A legacy that spans more than a century in the financial world is not enough to fend off the rise of disruptive players. Britain-based Nationwide Building Society embraced DevOps principles in response to market changes, says Richard James, who is the ways of working enablement leader for the cooperative financial institution. Nationwide may have banking experience on its side, but James says market pressures that include long-term, low-interest rates make it a challenge to stay ahead. “Within the industry, retail banking is an increasingly hard place to be sustainable,” he says.
Nationwide, James says, offers mortgage, savings, personal banking, and credit card services to its 16 million members. Its services are available through branches, digital channels, and contact centers with an infrastructure that includes CRM systems and data warehouses, with an on-prem and off-prem footprint that he says is growing across multiple public cloud platforms. Further complicating IT management are more than 100 mergers Nationwide has been through, James says. “The technical landscape is relatively broad because of the history of what we’ve inherited and merged with.”
Image: Nationwide Building Society
In addition to those factors, the macroeconomic climate and expectations of Nationwide’s members motivated the organization to apply DevOps methodology, James says.
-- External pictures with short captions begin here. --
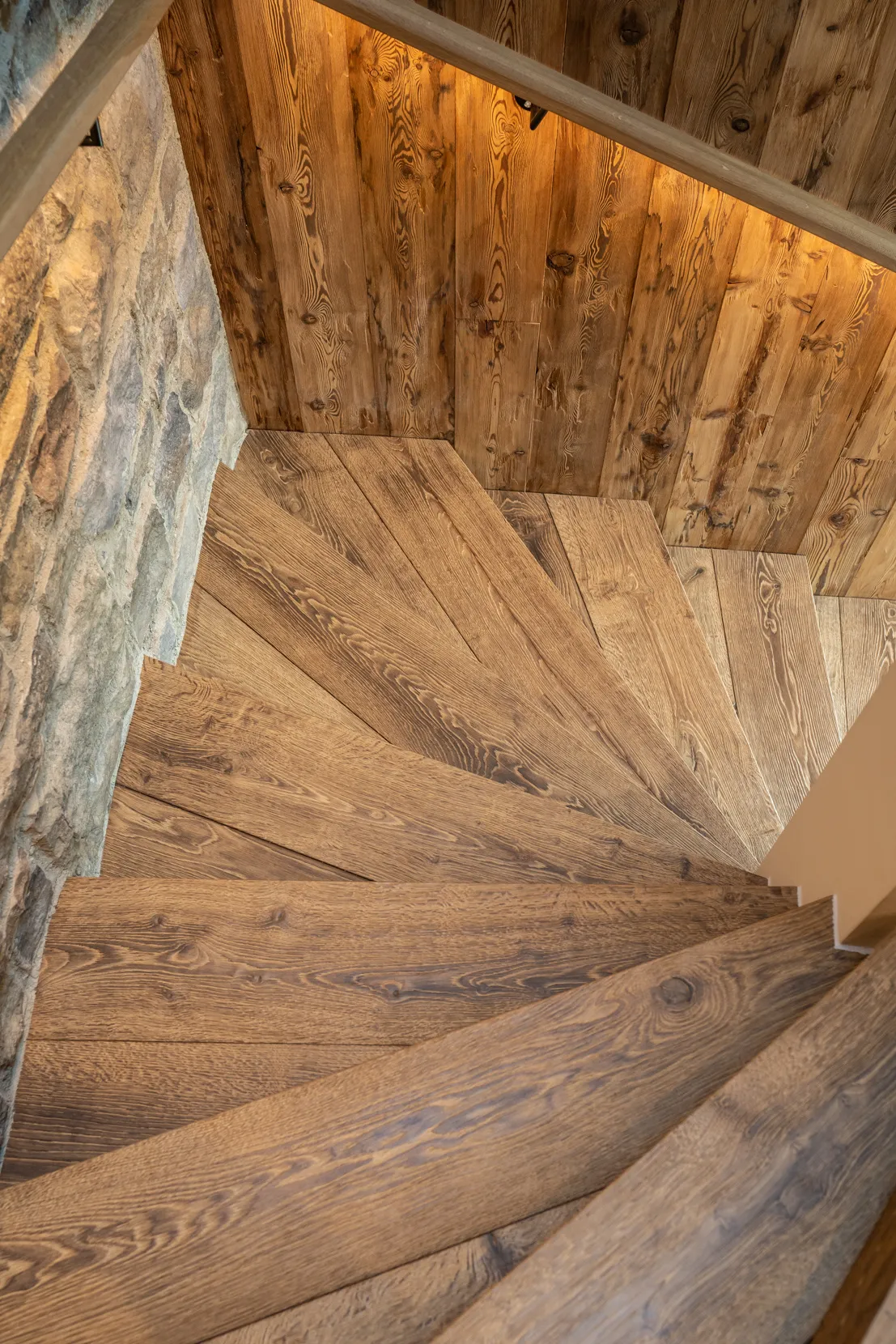 Holztreppe aus massivem Eichenholz mit Steinwand im Jagdhaus, gefertigt von Deutschmann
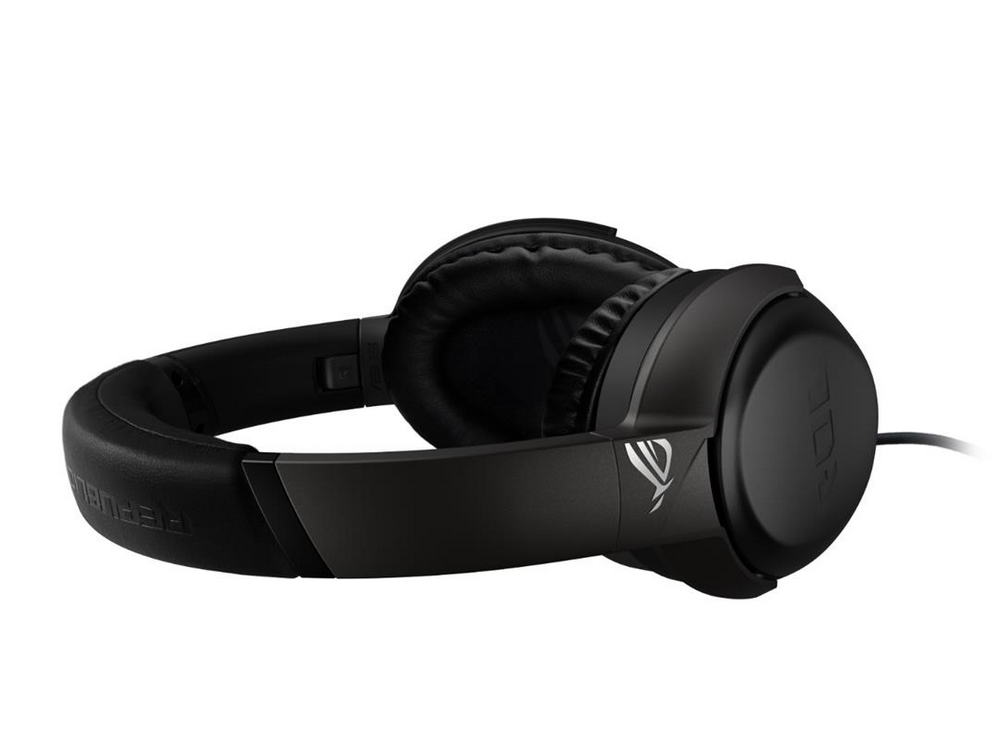 Auriculares negros sobre un fondo blanco. Los auriculares tienen un logotipo plateado.
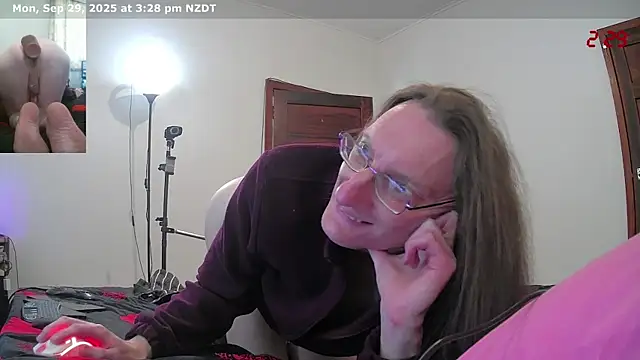 Snapshot of CDAdalyn chatting on 09/29/25, 02:29 CDAdalyn online show from 09/29/25, 02:29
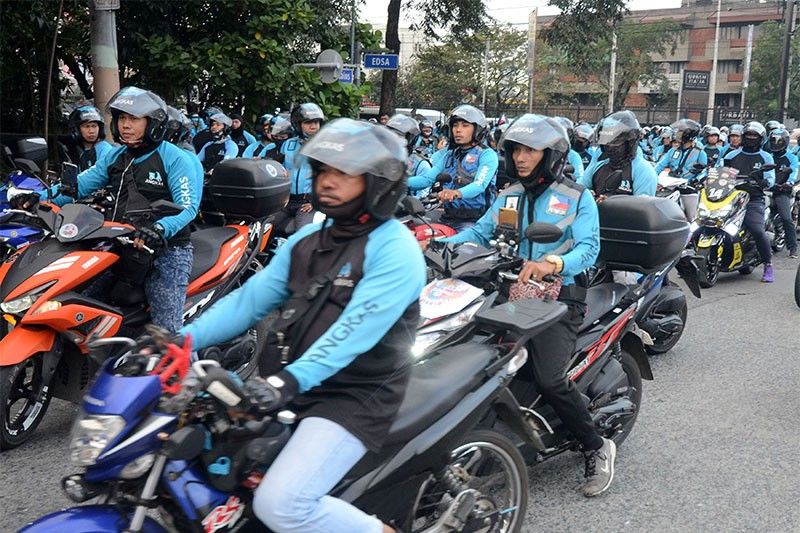Motorcycle taxi TWG says ending pilot test early sans data, conclusions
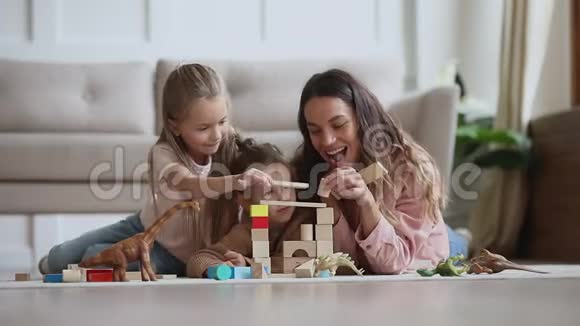 快乐妈妈保姆和孩子一起玩搭积木视频的预览图
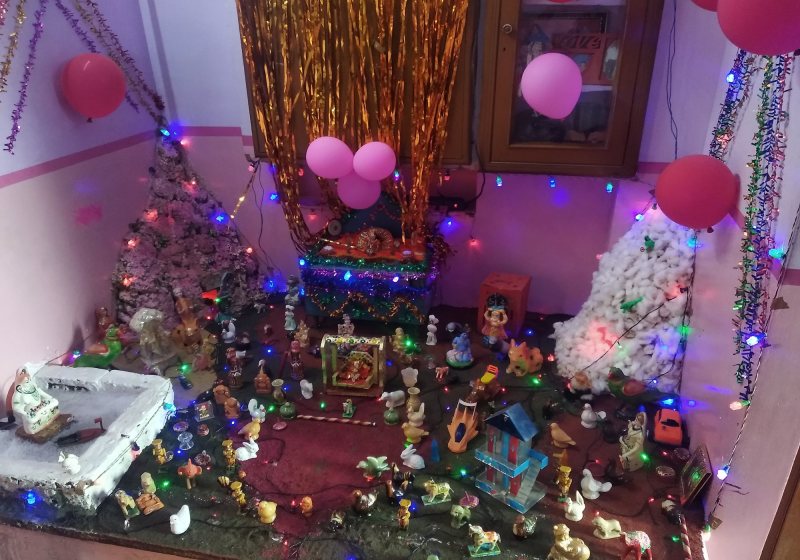 घर-घर और मंदिरों में सजी झांकियां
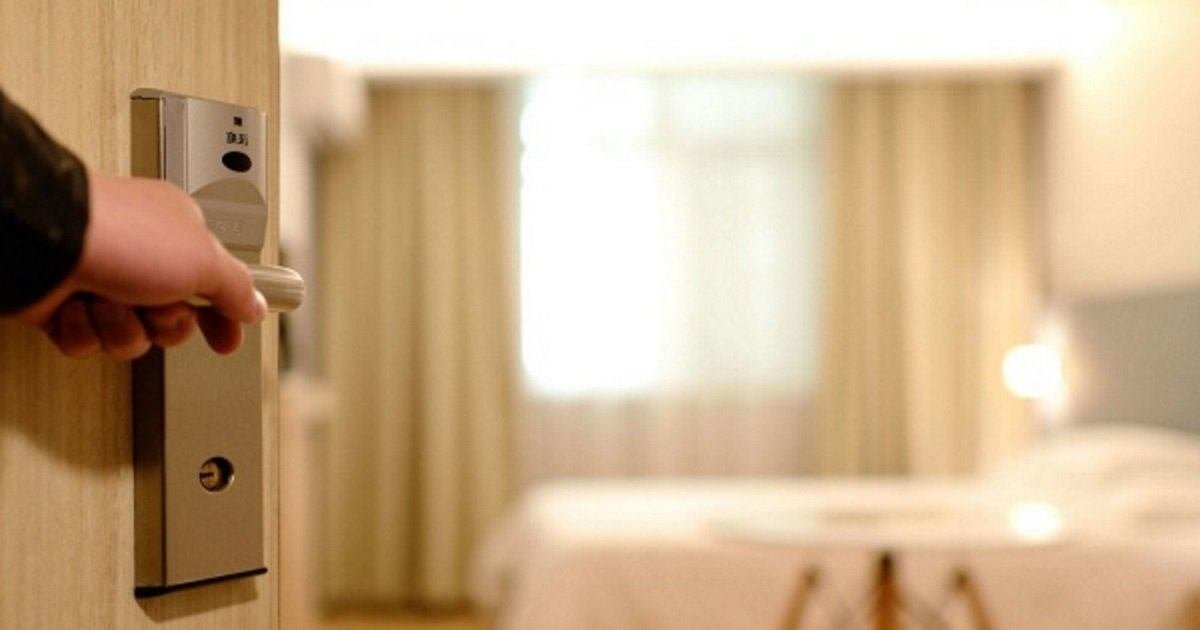 Medico omeopata rimane ferito sfondando una porta aperta - Lercio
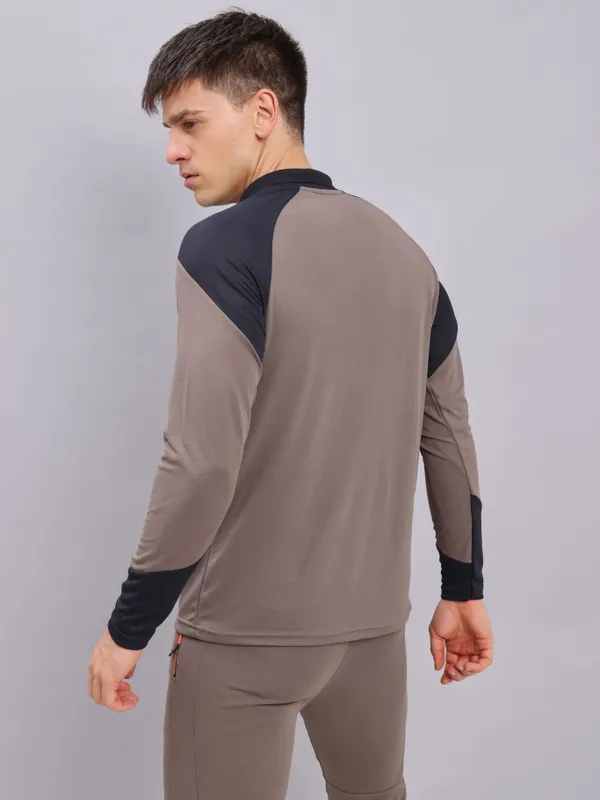 Men Colorblock Slim Fit Polo T-shirt with TECHNO COOL+ - Image 3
That included assistance from CloudBees to use automation to aid in continuous software integration. There is a focus on sustainability, he says, with less effort spent maintaining the IT environment and more time for software development. “With the advance of the age of digital,” James says, “members need us to be more adaptive, experimental, and more able to engage and rapidly to meet their needs.”
Drawing upon ideas from younger software companies, he says, offered some guidance on how best to organize work for the modern era. “We want to get to a place where we can practice the three ways of DevOps around flow feedback and continuous improvement,” James says.
As Nationwide delves further into DevOps, he says it is exploring areas such as cyber liability, engineering, and actively collaborating in digital channels. This is a path to introducing concepts such as toil and error budgets. It can also help bridge business goals and customer centricity with the organization’s IT operational focus, James says. It may lead to a common language for operations to have a voice at the leadership table alongside the business team.
“What could have been a technology-focused initiative around dev and ops has become much more about how we bring together biz, dev, sec, ops in service to our customers,” James says. So instead of dividing IT measures on one side and business KPIs on the other, he says Nationwide is starting to realize the benefits of tying them together.